The couple were on their second date when a Nissan Sentra driven by Morales-Soriano slammed into Bower's Toyota Corolla, which was stopped at a red light on Route 175 at Route 108.

Morales-Soriano has been charged with two counts of homicide by motor vehicle, two counts of manslaughter while intoxicated and driving while under the influence. He was being held yesterday at the Howard County Detention Center on an $830,000 bond.

Morales-Soriano's attorney, Bradley A. Goldbloom of Baltimore, called into question last night the accuracy of the 0.32 Breathalyzer reading, which was included in court records filed by police and announced Monday by the county's acting police chief.

"It's ridiculously high - I don't think anyone would be able to function at all, talk, walk or even be conscious," Goldbloom said. "It's my understanding that he had to blow seven or eight times before they were able to get any reading at all. If that's, in fact, the case, it would call into question the reliability of the machine and how the level was actually gathered or obtained."
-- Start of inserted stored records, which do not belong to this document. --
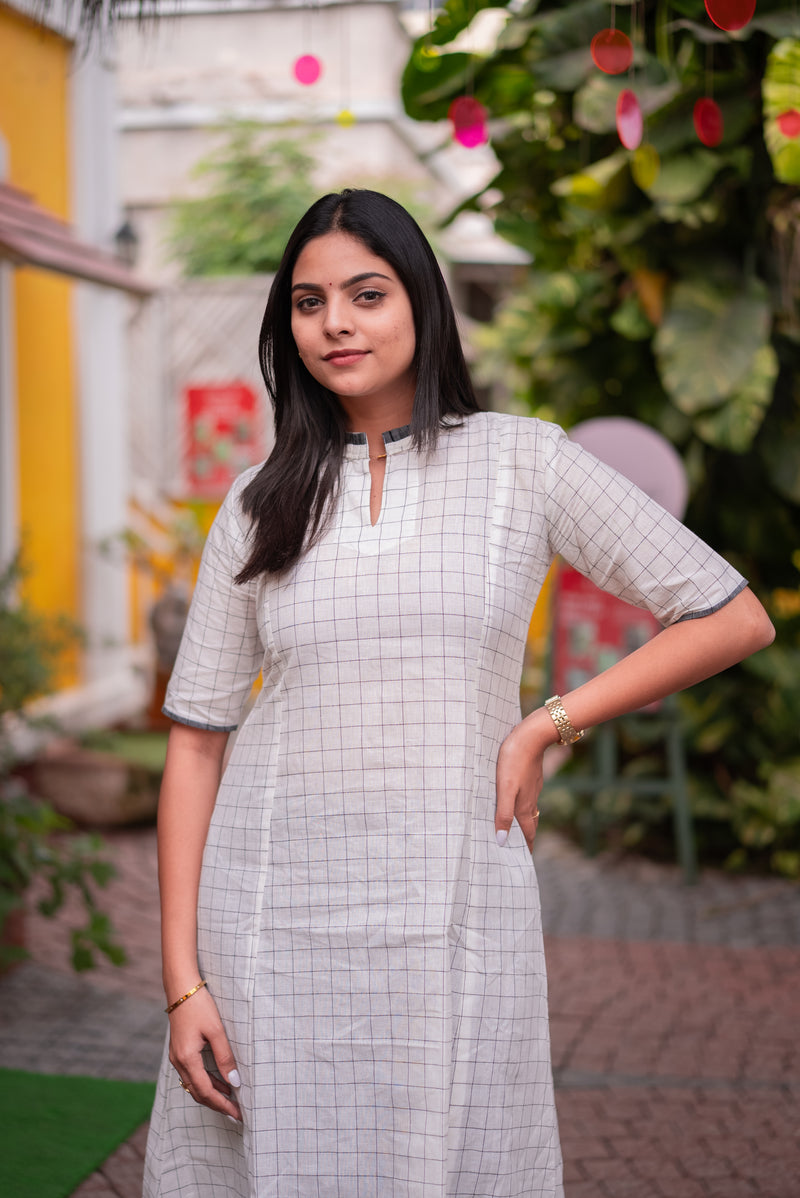 Coconut White Checks Handloom A-Line Kali Kurta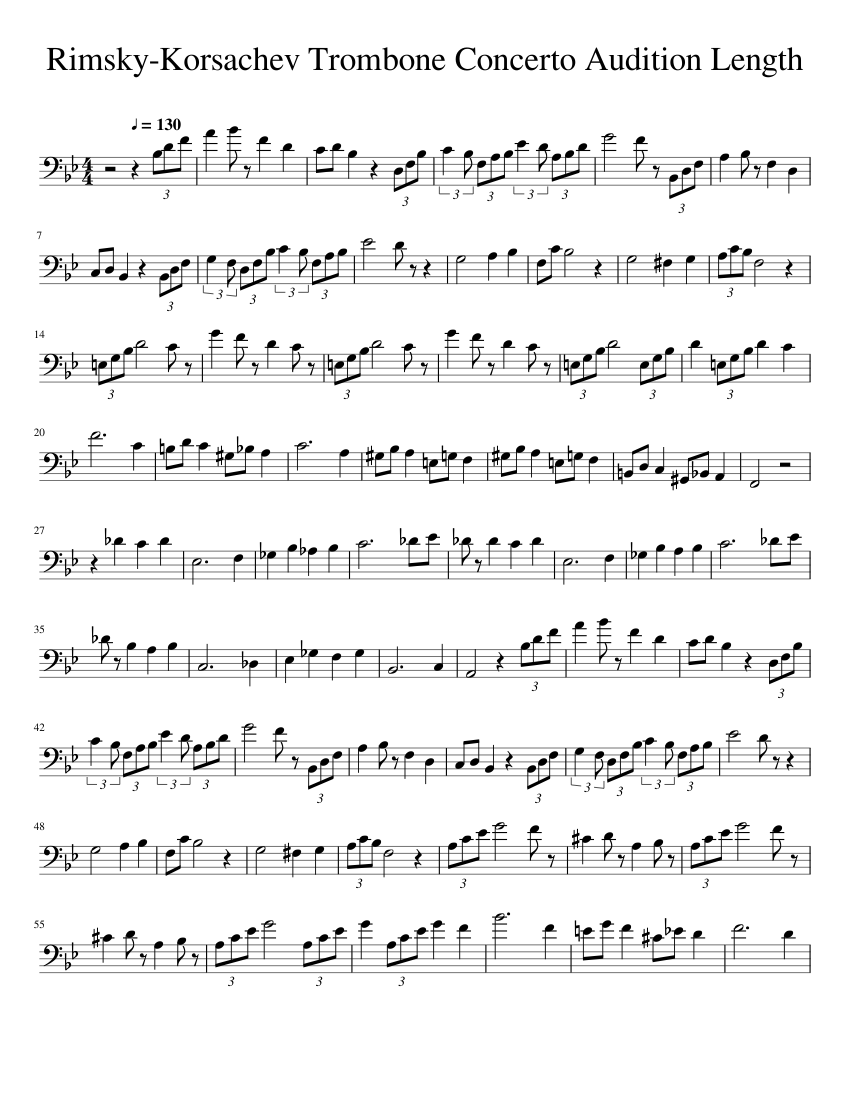 Rimsky Korsachev Trombone Concerto Audition Length Sheet music for Trombone tenor Solo Musescore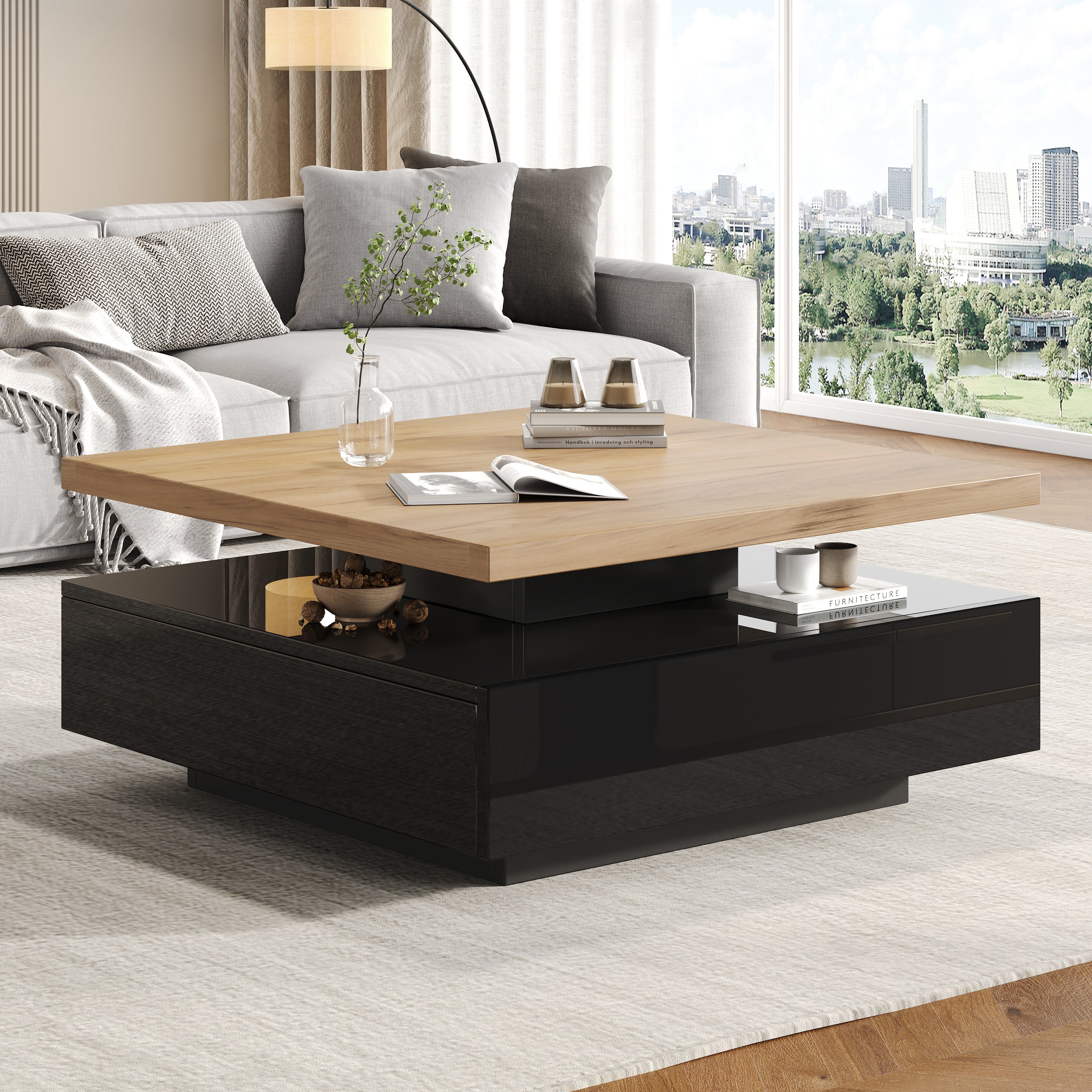 Stolik kawowy kwadratowy z obrotowym blatem i 1 szufladą - 70 x 70 x 36 cm - Płyta wiórowa - Drewno naturalne i czerń - 6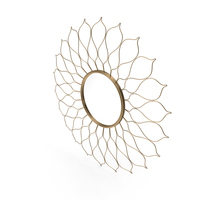 Flower Petal Sunburst Wall Mounted Mirror PNG & PSD Images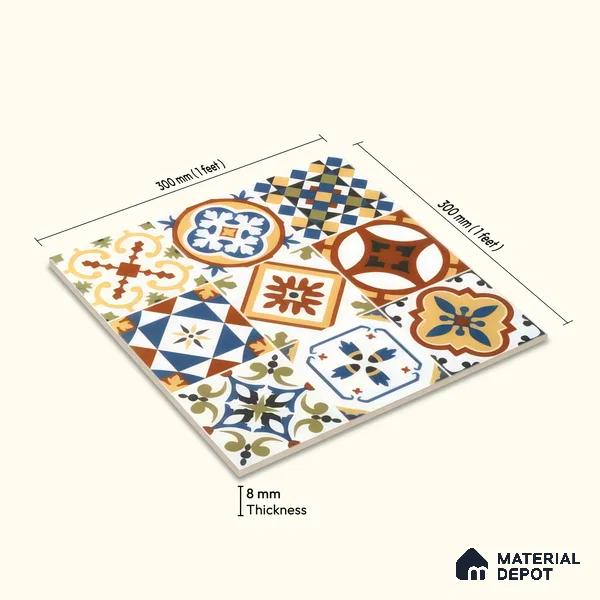 Moroccan Floor & Wall Tile TL 05424 Morissa Amber Azul 1 ft x 1 ft Ceramic Matte Finish - 7.5 mm | Suitable for Suitable for Bathroom, Kitchen, Balcony | Please Expect a Slight Variation of Pattern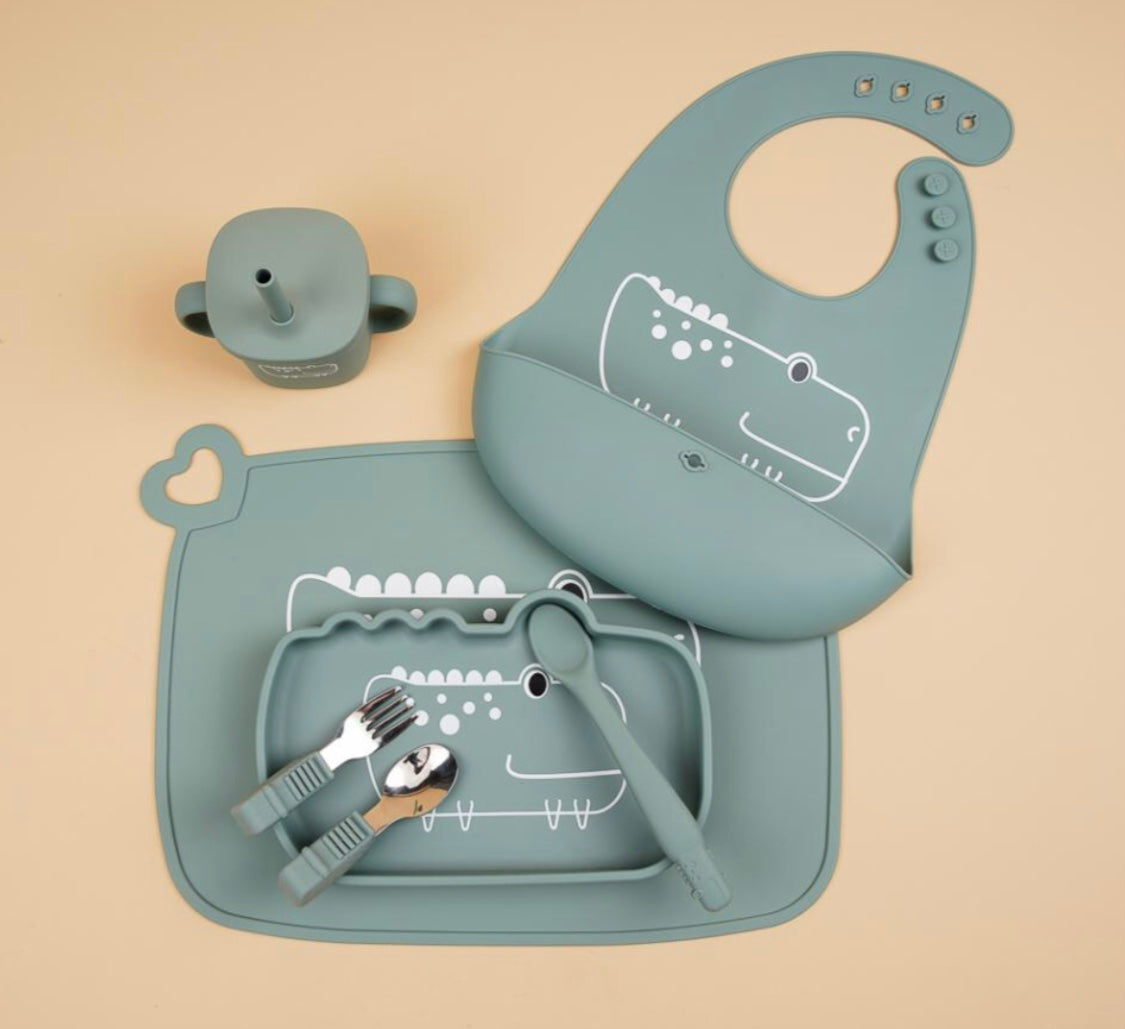Conjunto Refeição Para Bebé - DINOSSAURO VERDE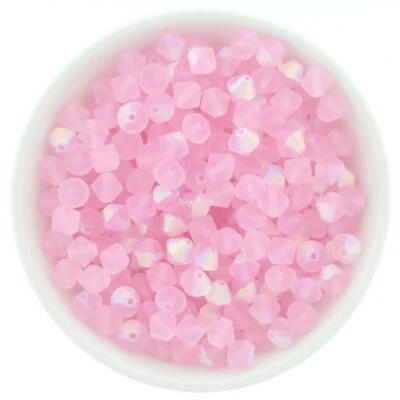 Preciosa Bicones Pink Sapphire AB Matte 3mm, 4mm, 6mm Crystal Bicones - Image 1 of 2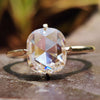 Cushion Rose Cut Moissanite Compass Setting Solitaire Ring 2 CT
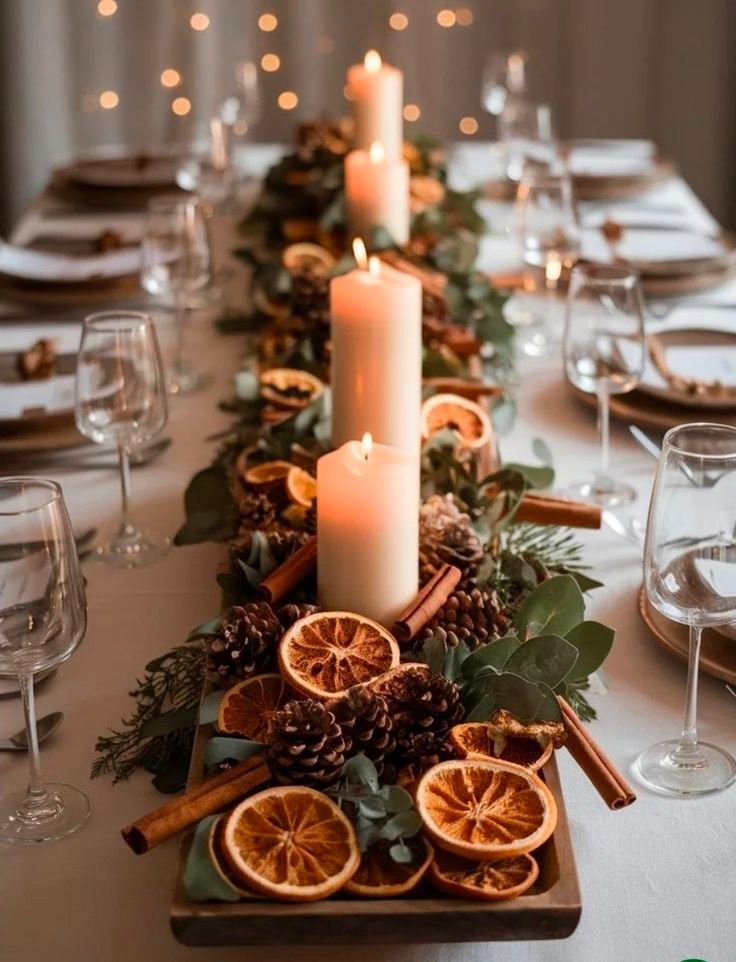 Christmas table centerpiece with dried orange slices, evergreen branches, pinecones, and natural linen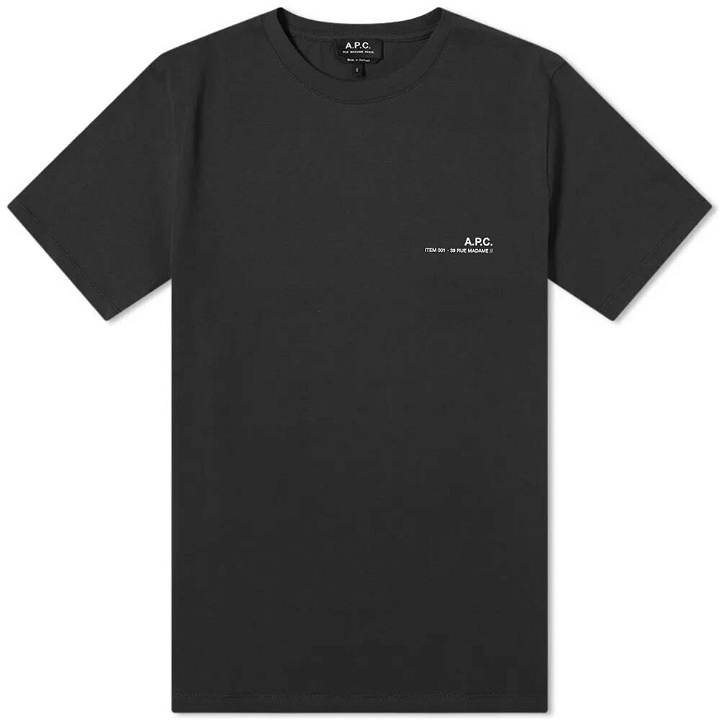 Photo: A.P.C. Men's Item Logo T-Shirt in Black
Charging documents reviewed Tuesday morning made no mention of multiple attempts by police to get a reading.

Goldbloom said that when a suspect is not blowing into a machine correctly, it is common for police to have him or her repeat it. He said that after each attempt, the machine is supposed to expel the breath.

"If in fact the breath was remaining in the machine, it's possible, if not probable, the more times someone blows [into the machine] the higher the rating is going to be," Goldbloom said.

Goldbloom declined to say how he obtained details of the testing done on his client.

Police could not be reached for comment about that last night.

The accident is likely to revive concerns about illegal aliens obtaining driver's licenses.

"These issues of laxity are simply going to expose people on a personal basis and national basis to just what happened," said Neil Berro, executive director of the Coalition for a Secure Driver's License in New York. "The example was as personal as the next time you cross the street or get in a car, or as macro as 9-11. In between those issues are concerns related to identity theft."

But Kim Propeack, a spokeswoman for CASA of Maryland, an aid group for Hispanic immigrants, argued that the country is better off knowing who is on its roads and where they live, that they've passed a driving-skills test and that they have insurance. Murray Simon, president of Conexiones, a Hispanic educational group in Howard County, said that Morales-Soriano's immigration status is irrelevant.

"My personal feeling is that this whole business of illegal and legal is just a case of name-calling," Simon said.

This is not Morales-Soriano's first traffic stop in the state. On July 2, he was pulled over in Riverdale and charged with driving the wrong way on a one-way street, speeding and negligent driving. He was found not guilty, according to court records.